Although the mirror similarities are increased with the guidance of SSA, there is no obvious changes on intra-class similarities, but they are a little bit lower. Oppositely, the inter-class similarities are reduced, and the embedding lengths are also enlarged, which implies the discrepancies among identities are increased. Since higher TPR or TPIR at lower FPR and FPIR requires lower inter-class similarity, SSA can do better under these protocols. Due to giant negative pairs in the protocols, the significant improvements can be achieved by little decay on inter-class similarity. On the other hand, higher TPR at higher FPR or Rank-K requires much higher intra-class similarity, so this is the reason why SSA fails under these protocols.

4.4 Benchmark comparison

To guarantee the effectiveness of SSA, it is compared with the state-of-the-arts focusing on domain adaptation for face recognition. We also use a margin penalty method (ArcFace) proposed in [19] to train our backbone to be another baseline. The comprehensive evaluations on IJB-A [7], IJB-B [8], and IJB-C [9] are listed in Table 3 and Table 4.

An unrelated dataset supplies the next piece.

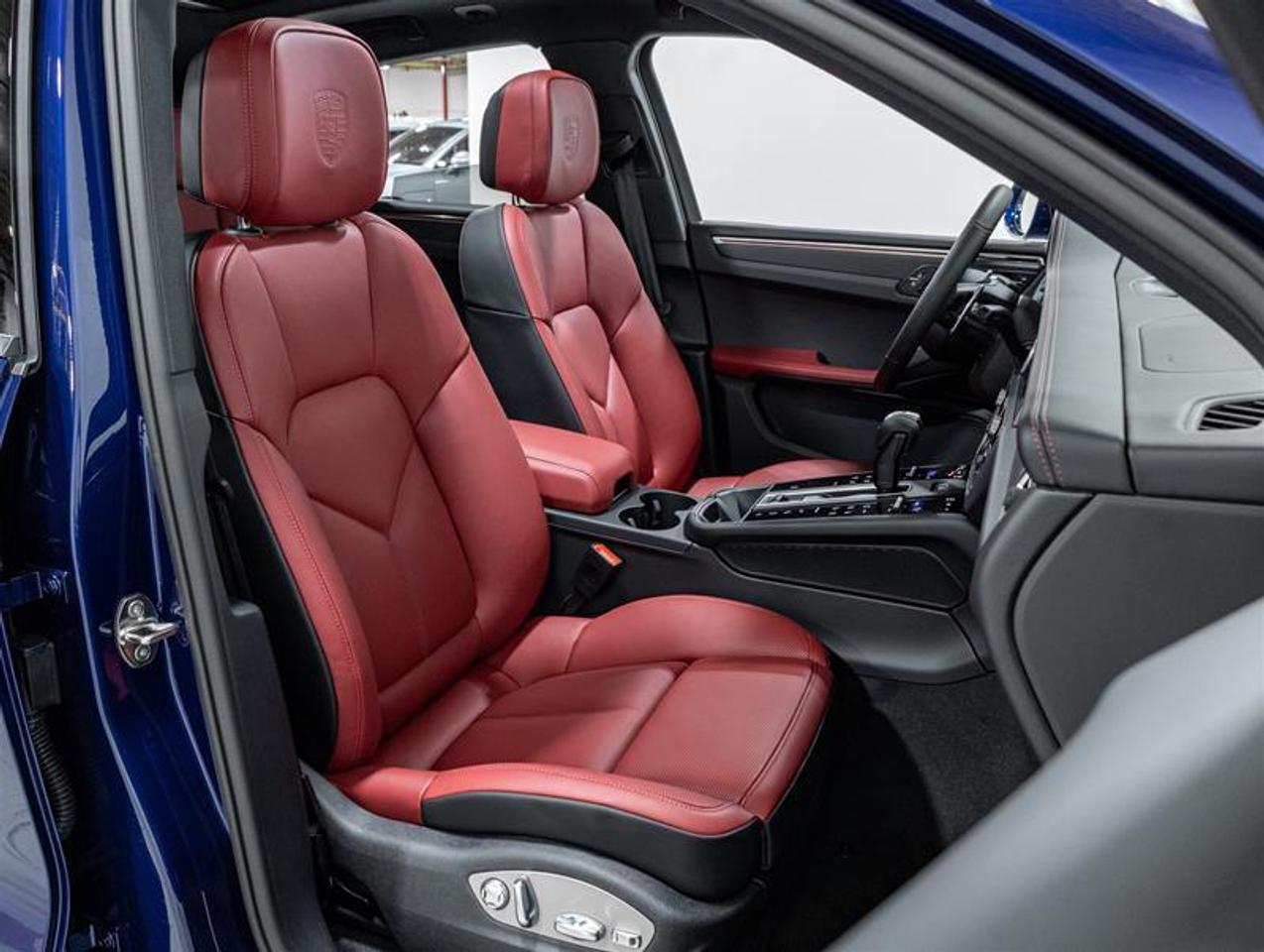 2026 Porsche Macan  Photo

From Table 3, we can observe that SSA can successfully improve the baselines on all benchmarks under almost all FPRs especially under lower FPRs. With the guidance of ArcFace [19], the performance can be better. However, in the identification protocols, Table 4, the improvements only exists on open-set protocols. Such issue has been discussed in 4.3. Since the models are adapted on IJB-A only [7], the performances of on the open-set protocols of IJB-B [8] and IJB-C [9] are not that good, but it can be further refined by adapting more data from these datasets. Expect for close-set identification protocols, compared with the state-of-the-arts, our approach shows its good performance by not only the improvements but also the much lighter backbone.

5 Conclusion

We focus on the unique problem of domain discrepancy in face recognition whose classes in domains are non-overlapping. Self-Supervised Adapting (SSA) loss is proposed in this paper. By adding an adapting ratio between the self-similarity losses on source and target domain, SSA can successfully improve the baseline models both verification and open-set identification protocols. Interestingly, we find that this progress is achieved by reducing inter-class similarities rather than increasing intra-class similarities through the analysis on the embedding distributions. Compared with other adapting methods under comprehensive protocols, SSA shows its competitive performance. However, it seems that SSA cannot preserve or even improve the intra-class similarity on target domain, so some advanced researches should be done in the future to compensate this problem.